The tactile kiss is certainly very ancient and primitive. It is common among mammals generally. The human infant exhibits, in a very marked degree, the impulse to carry everything to the mouth and to lick or attempt to taste it, possibly, as Compayre suggests,[198] from a memory of the action of the lips protruded to seize the maternal nipple. The affectionate child, as Mantegazza remarks,[199] not only applies inanimate objects to its lips or tongue, but of its own impulse licks the people it likes. Stanley Hall, in the light of a large amount of information he obtained on this point, found that “some children insist on licking the cheeks, necks, and hands of those they wish to caress,” or like having animals lick them.[200] This impulse in children may be associated with the maternal impulse in animals to lick the young. “The method of licking the young practiced by the mother,” remarks S.S. Buckman, “would cause licking to be associated with happy feelings. And, further, there is the allaying of parasitical irritation which is afforded by the rubbing and hence results in pleasure. It may even be suggested that the desire of the mother to lick her young was prompted in the first place by a desire to bestow on her offspring a pleasure she felt herself.” The licking impulse in the child may thus, it is possible, be regarded as the evanescent manifestation of a more fundamental animal impulse,[201] a manifestation which is liable to appear in adult life under the stress of strong sexual emotion. Such an association is of interest if, as there is some reason to believe, the kiss of sexual love originated as a development of the more primitive kiss bestowed by the mother on her child, for it is sometimes found that the maternal kiss is practiced where the sexual kiss is unknown.
The impulse to bite is also a part of the tactile element which lies at the origin of kissing. As Stanley Hall notes, children are fond of biting, though by no means always as a method of affection. There is, however, in biting a distinctly sexual origin to invoke, for among many animals the teeth (and among birds the bill) are used by the male to grasp the female more firmly during intercourse. This point has been discussed in the previous volume of these Studies in reference to “Love and Pain,” and it is unnecessary to enter into further details here. The heroine of Kleist’s Penthesilea remarks: “Kissing (Kuesse) rhymes with biting (Bisse), and one who loves with the whole heart may easily confound the two.”

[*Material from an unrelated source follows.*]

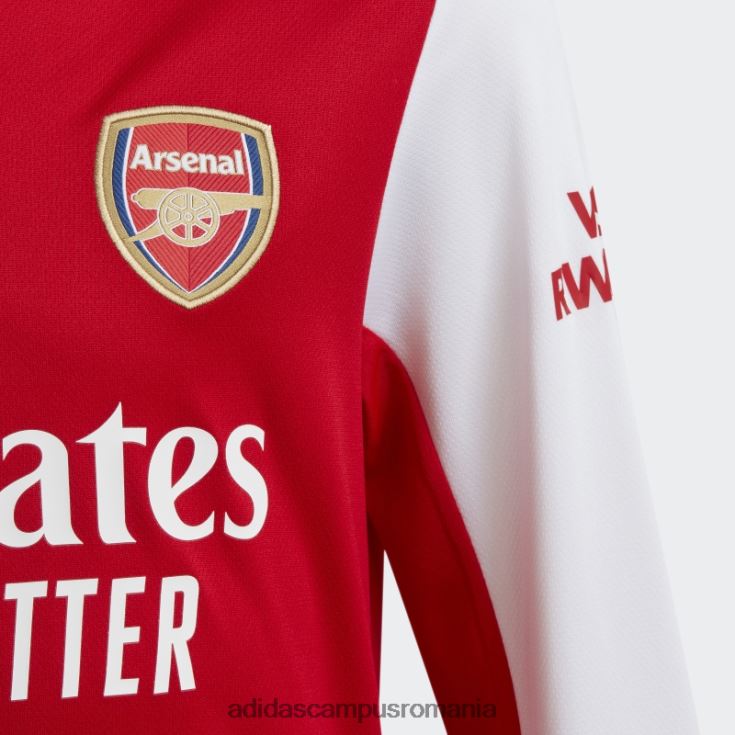 adidas campus romania tricou acasă cu mânecă lungă arsenal stacojiu 22/23 copii stacojiu/alb J266N219054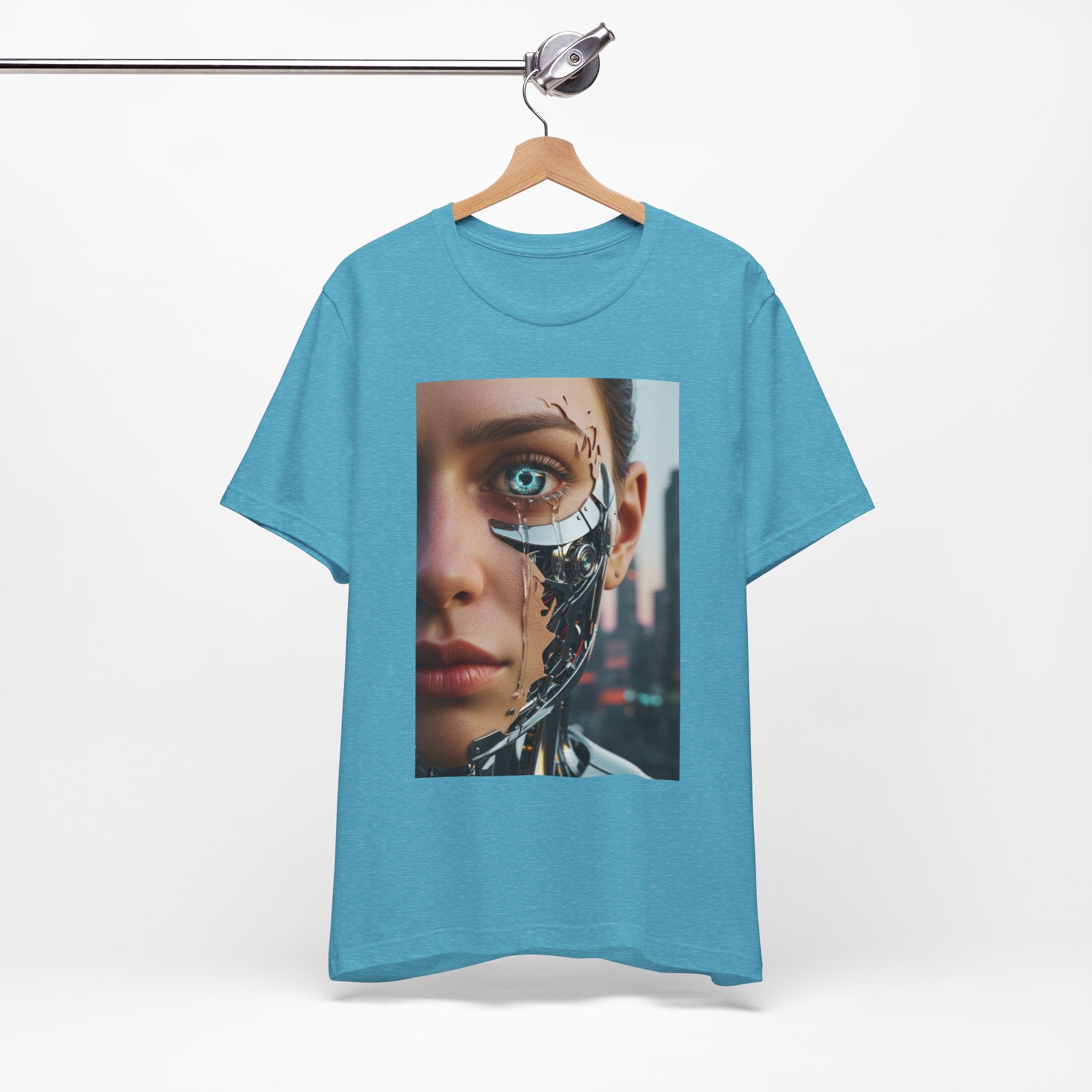 Cyborg Portrait T‑Shirt — Futuristic Android Face Graphic Tee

The kiss, as known in Europe, has developed on a sensory basis that is mainly tactile, although an olfactory element may sometimes coexist. The kiss thus understood is not very widely spread and is not usually found among rude and uncultured peoples. We can trace it in Aryan and Semitic antiquity, but in no very pronounced form; Homer scarcely knew it, and the Greek poets seldom mention it. Today it may be said to be known all over Europe except in Lapland.